[Image-text web data]
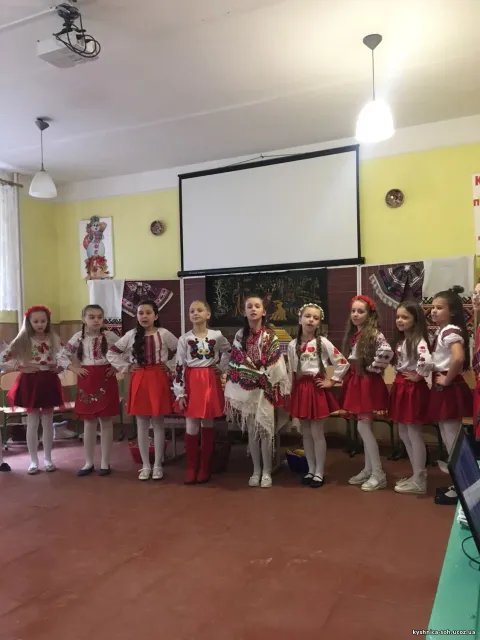 Фото 9 з 12: свято "Андріївські вечорниці"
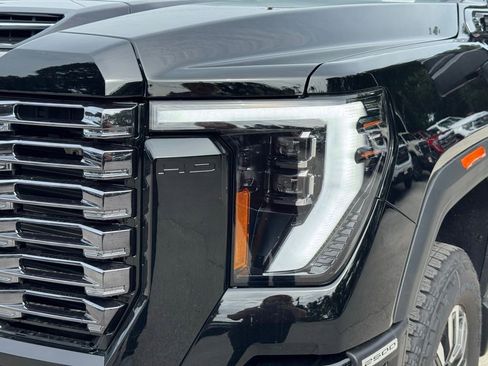 New 2026 GMC Sierra 2500 Denali Ultimate AWD/4WD image 3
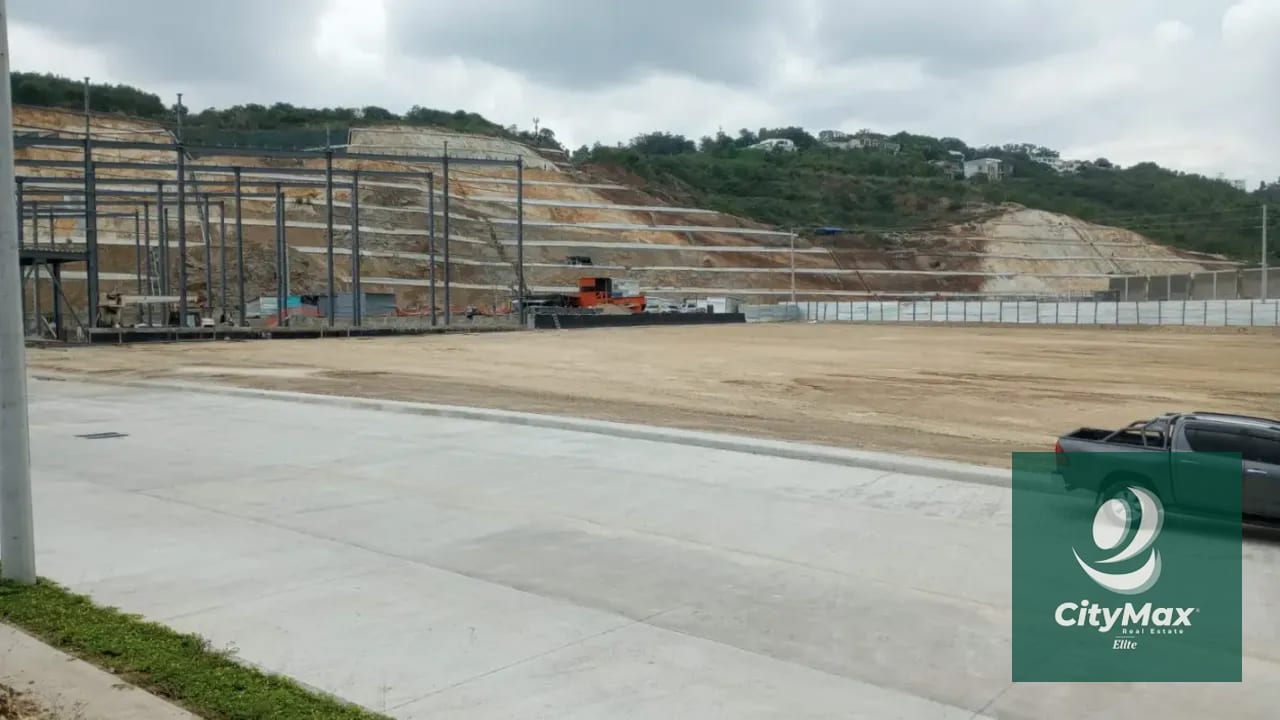 TERRENO INDUSTRIAL - COMPLEJO INDUSTRIAL NARANJO — Terreno en Venta en Zona 4 Mixco, Guatemala, Ciudad — foto 3 de 3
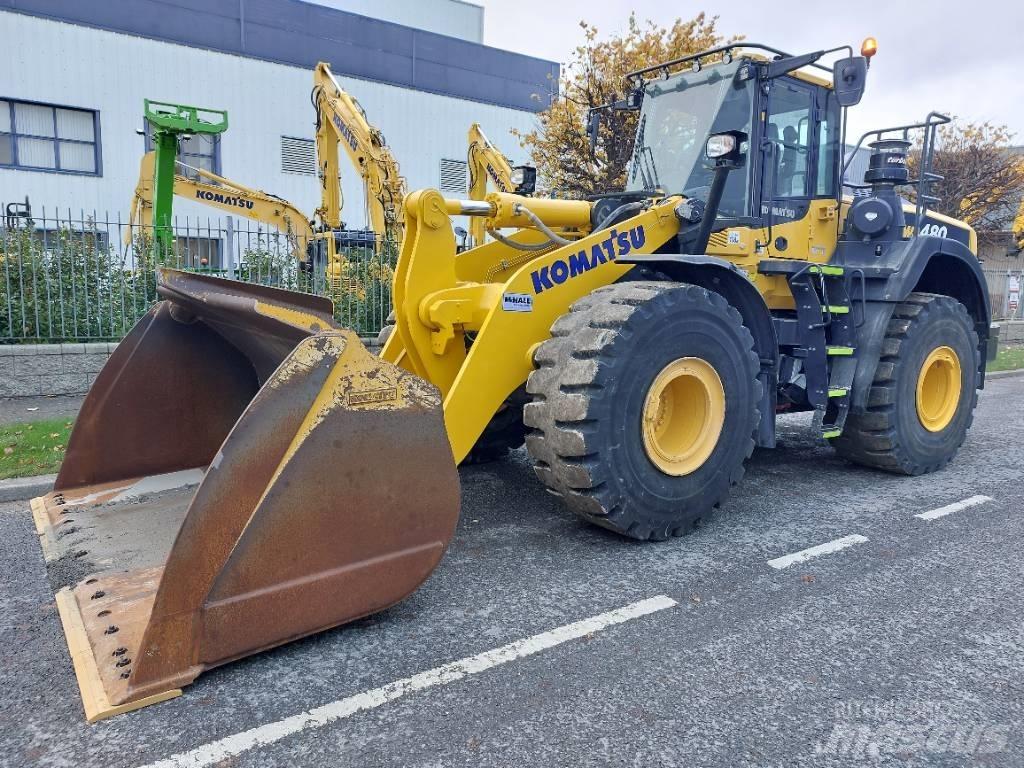 Komatsu WA480-8 Pale gommate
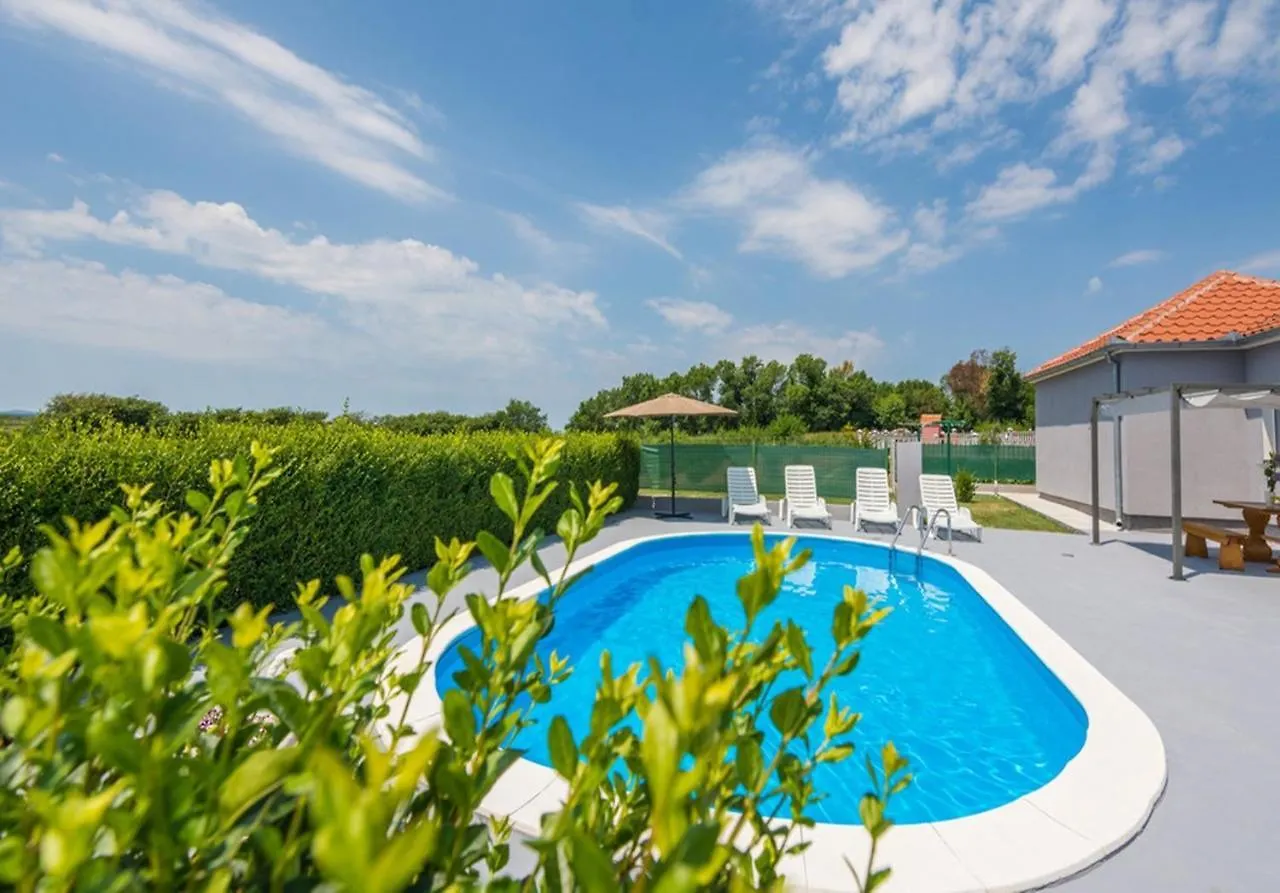 Holiday Home Flora With Pool Policnik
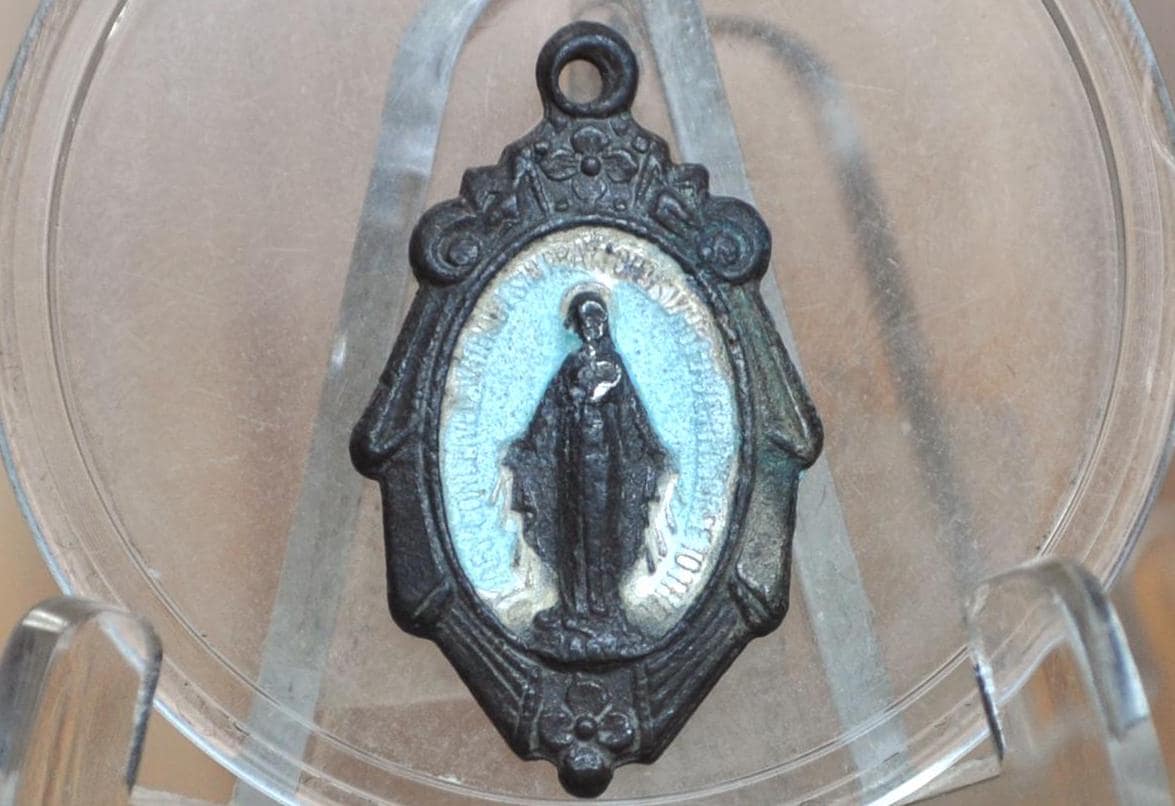 Vintage HMH Religious Mary Mother of Jesus Pendant - Catholic Miraculous Pendant Silver - Antique Religious Medal - Virgin Mary Silver Charm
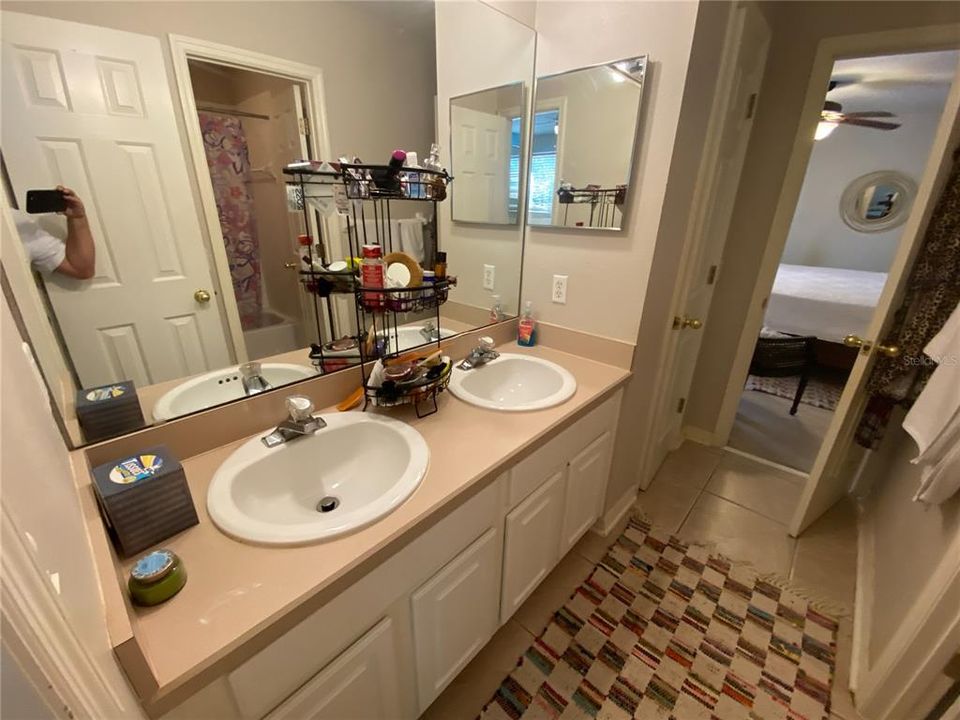 En Venta: $805,000 (4 camas, 4 baños, 3141 Pies cuadrados)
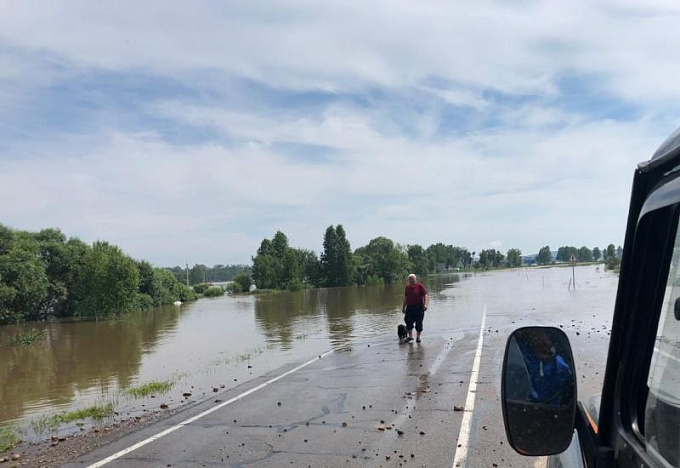 В Иркутской области из-за наводнения перекрыли федеральную трассу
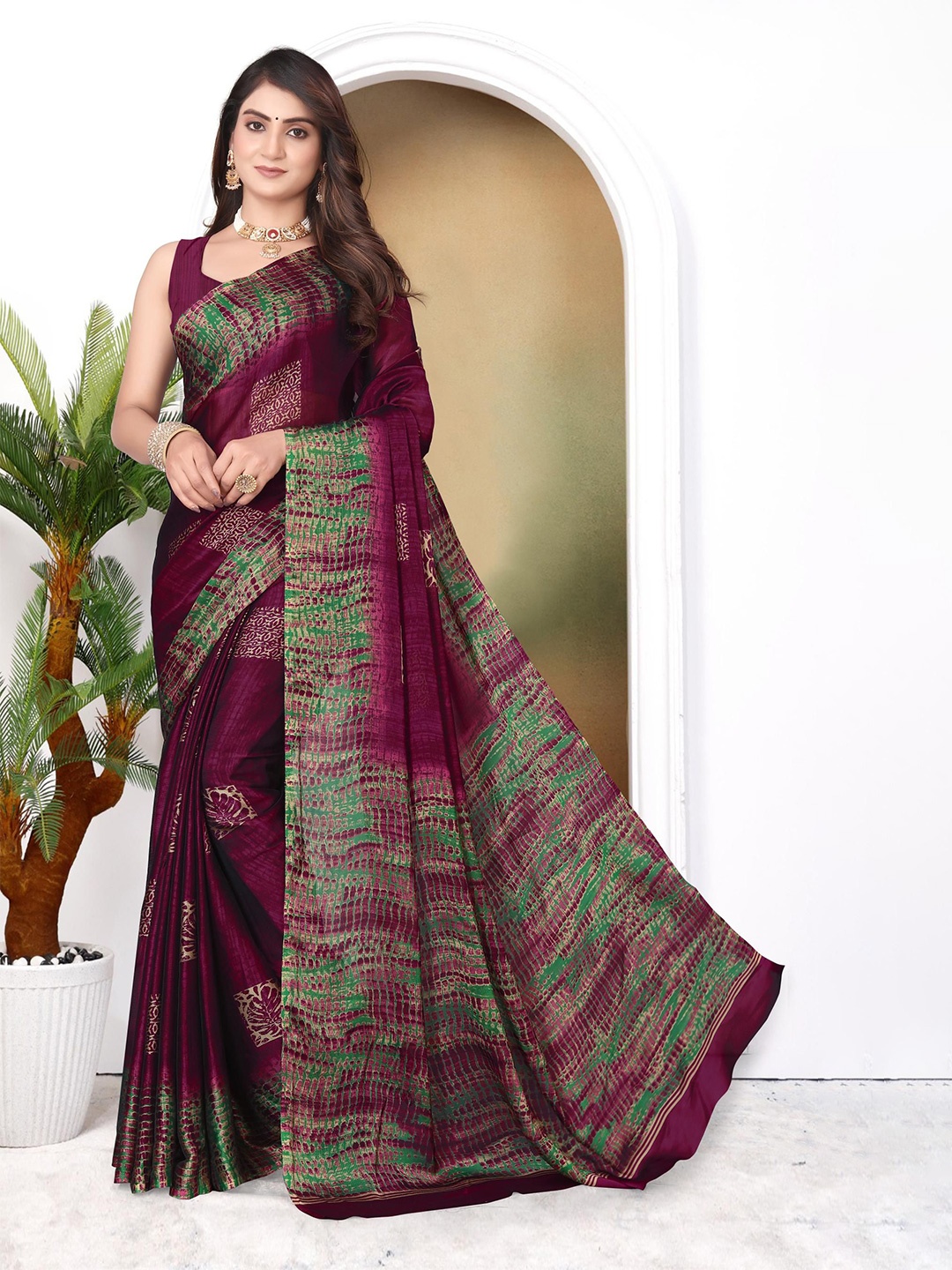 

MAGNEITTA Woven Design Pure Chiffon Saree, Magenta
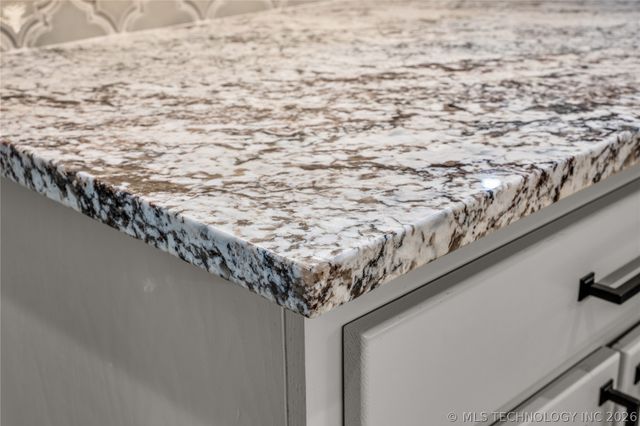 4808 E 142nd Place, Bixby, OK 74008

> _WHAT YOU NEED TO DO_:
Excluding the pictures, write out exactly the lines from the line that contains "MAGNEITTA Woven Design" through the end of the records.

> _EXERCISE RESULT_:
MAGNEITTA Woven Design Pure Chiffon Saree, Magenta
 4808 E 142nd Place, Bixby, OK 74008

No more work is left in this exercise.